Last year, when Maggi noodles went off the shelves after the product came under the scanner with regards to its quality, Bollywood stars Amitabh Bachchan, Madhuri Dixit Nene and Preity Zinta were criticised for endorsing it.
In 2012, the FDA (Food and Drug Administration) sent a notice to Govinda for endorsing an Ayurvedic oil, which claimed to cure body aches and pains.
Now, the issue of celebrity responsibility when it comes to endorsing products has come up once again. Earlier this week, a parliamentary committee recommended changes in the Consumer Protection Act, and also suggested penalizing celebrity brand ambassadors for being part of misleading advertisements. Bollywood and the ad world, however, don’t agree with this recommendation. “It’s ridiculous to hold a celebrity responsible. For instance, if a question is raised on Maggi, then all the parties who made money by carrying its ads, should be held responsible too. Why target only a celeb?” asks adman and film-maker R Balki.
Actors feel that they don’t have the required expertise to figure out the technical details of the products they endorse. “There is only limited knowledge that we have of everything. For instance, I cannot be an expert on how a car drives, but yes, you check the company, its experience and you go by that (sic),” said Shah Rukh Khan at an event.

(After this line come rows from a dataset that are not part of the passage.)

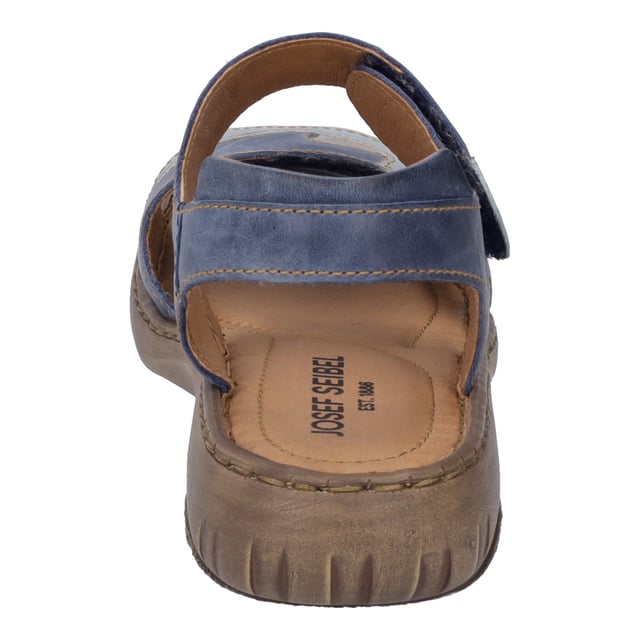 La piel de becerro garantiza una gran durabilidad. La práctica cremallera facilita el acceso en las sandalias. La precisa costura a mano también convence por su calidad. Con la anchura de zapato G este modelo es extremadamente cómodas. Debra le da la libertad de seguir su propio camino.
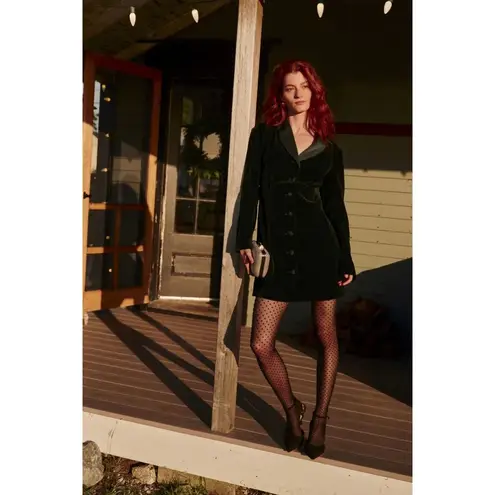 Wolford Satin Touch Dots Tights in Black Xsmall New Womens Nylons Pantyhose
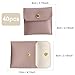 40pcs PU Leather Small Bags for Jewelry 8 x 8cm Snap Button Jewelry Packaging Bag Pink Purple Luxury Small Favor Bags Jewelry Gift Bags for Earrings Necklaces Bracelet Ring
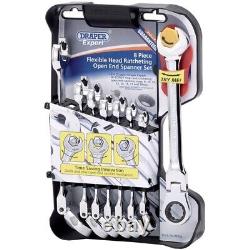 Draper Metric Combination Spanner Set with Flexible Head and Double Ratcheting F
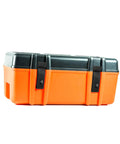 Orange box with Two Pack Rubber Over Center Latch For Electrical Cabinets Flexible Draw Lock With Concealed Keeper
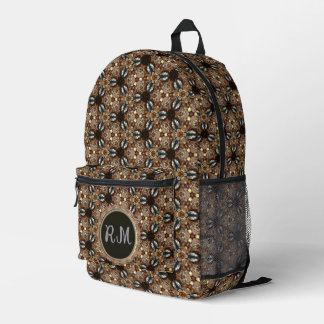 Brawn Glow Natural Geometric Bedruckter Rucksack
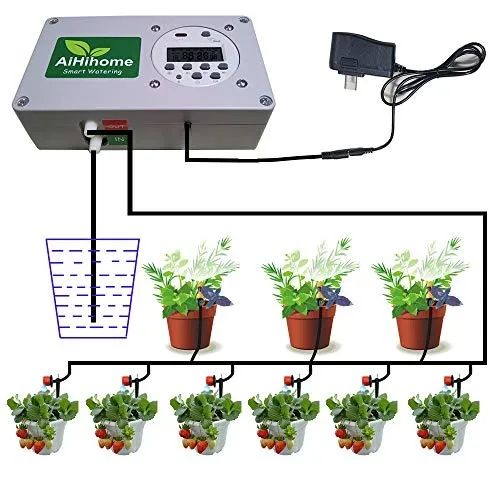 Sistema de Irrigação Automatizado com Timer para Plantas Hortas Jardins kit Completo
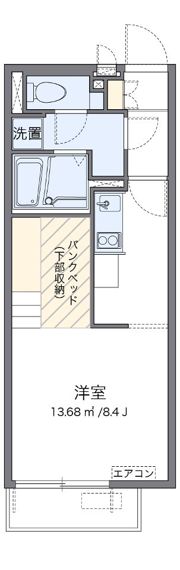 レオネクスト浪華Ⅲの間取り画像
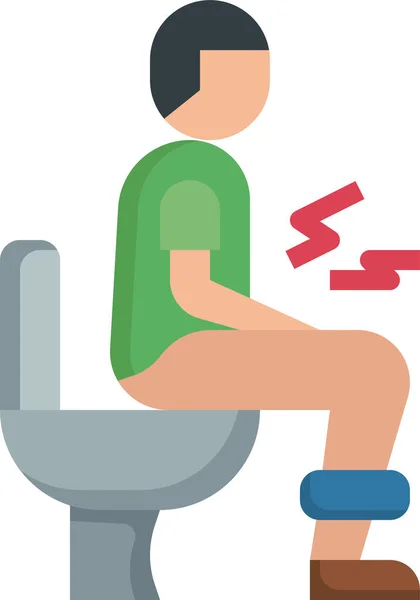 流感腹泻疼痛图标 — 图库矢量图片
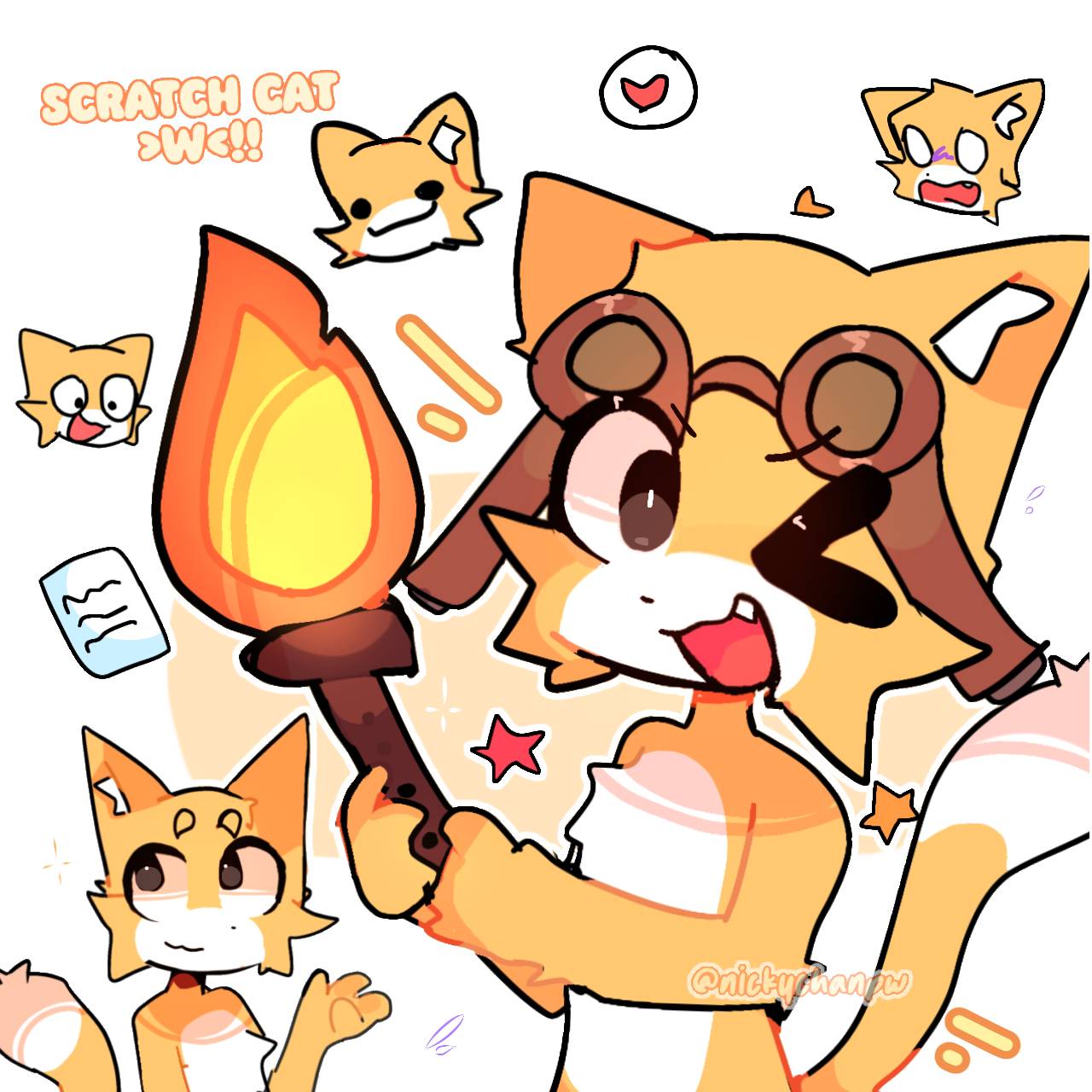 A Fanart for Scratch cat I have no ideas help- :u by nickyunn on DeviantArt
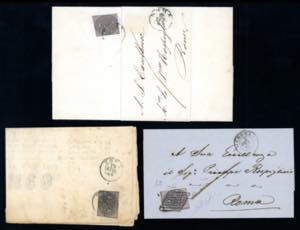 1864/66 - 1/2 baj violetto grigiastro (1A), ... 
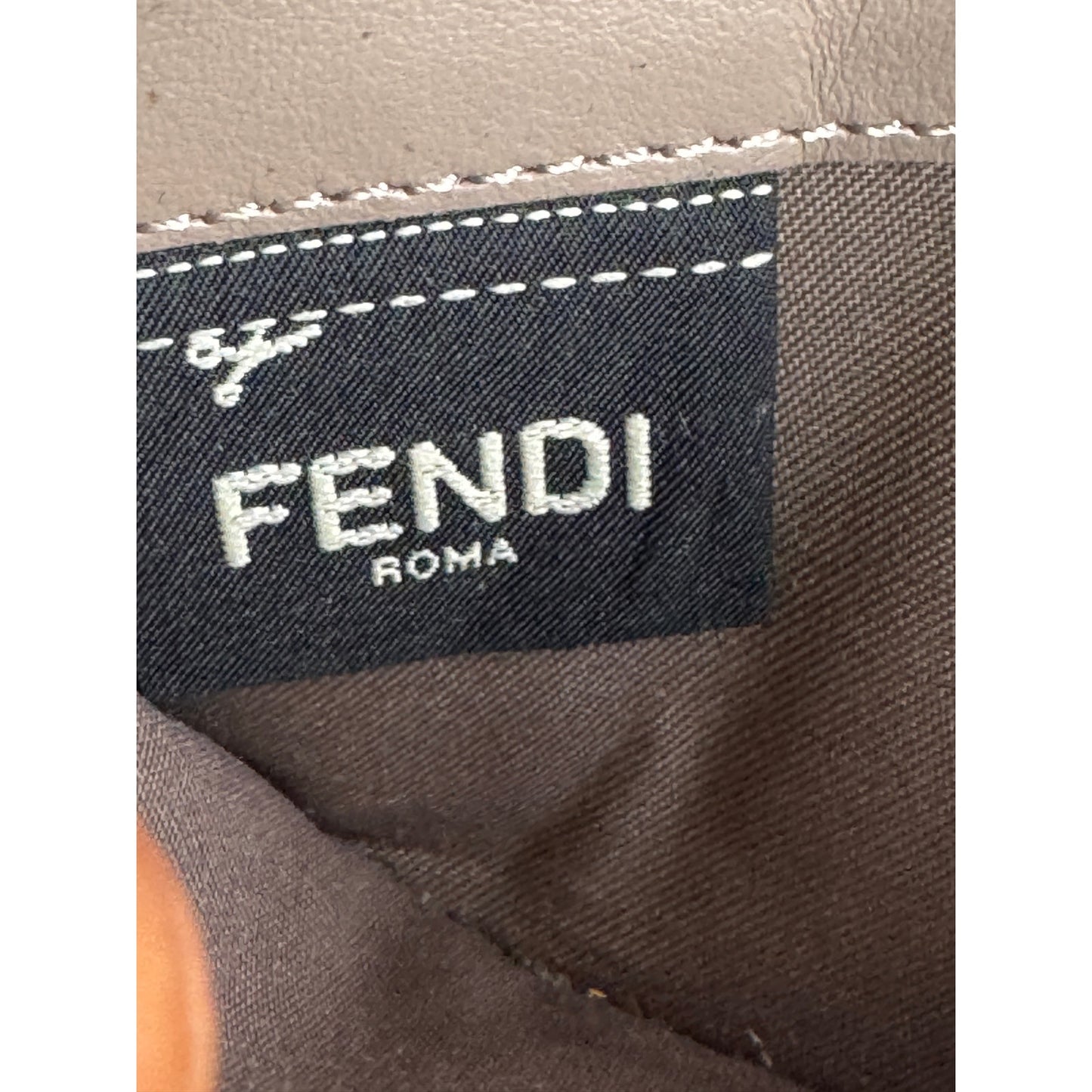 Fendi By the Way Zip Around Leather Wallet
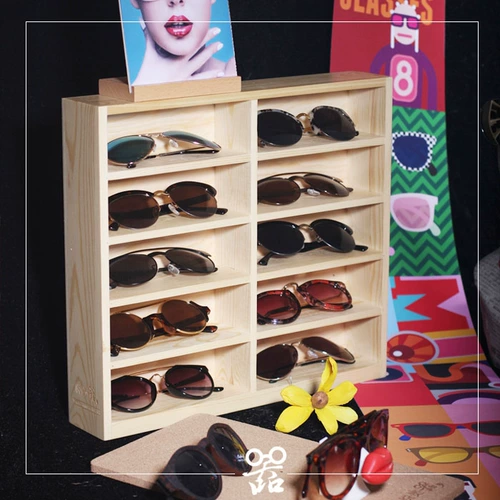 Стенд, солнцезащитные очки, коробка для хранения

In fact, Balki feels that to avoid such issues, a body to monitor the process of making advertisements should be set up. “Let’s create a body that scrutinises all the claims [of a product] and the ad, and then takes the decision to green light the ad or not,” he says.
Read:Celebrity ad fever
R Balki, adman and film-maker
I think most celebrities are very responsible. They do ask questions [before signing a brand]. It (holding celebrities responsible) is not legally tenable. How do you expect celebrities to be an expert in everything they endorse? There are already required checks and balances in place.
Prahlad Kakkar, ad guru
This is a classic example of shooting the messenger. Celebrities have no responsibility when it comes to manufacturing the brand. Yes, they have to be morally responsible, but they can’t be legally sued. Also, what about the government and the departments that have given the licences to these brands?
Atul Kasbekar, celebrity manager and producer
I can’t believe there is a proposal like this. I think it’s about finding a soft target. It will then give mileage to whoever has initiated the whole thing. Celebrities obviously have certain responsibilities, since they are role models. But, if there’s a problem with a product down the line, they can’t be held responsible for it. Even recently, it was bizarre to go after someone who was endorsing Maggi. How are they responsible for quality control?
Shah Rukh Khan, actor
While celebs have the responsibility of checking and cross-checking, their responsibility is limited because there are institutions and checking points to check things long before the actor comes into the picture. So, if I see a product with the ISI mark, I assume it has been checked by the authorities.
Prachi Desai, actor
Celebrity endorsements are for establishing credibility as well as creating visibility. So, when celebs get paid the amount they get paid to endorse products, the least they can do is be responsible and verify the product, the brand and the people behind it.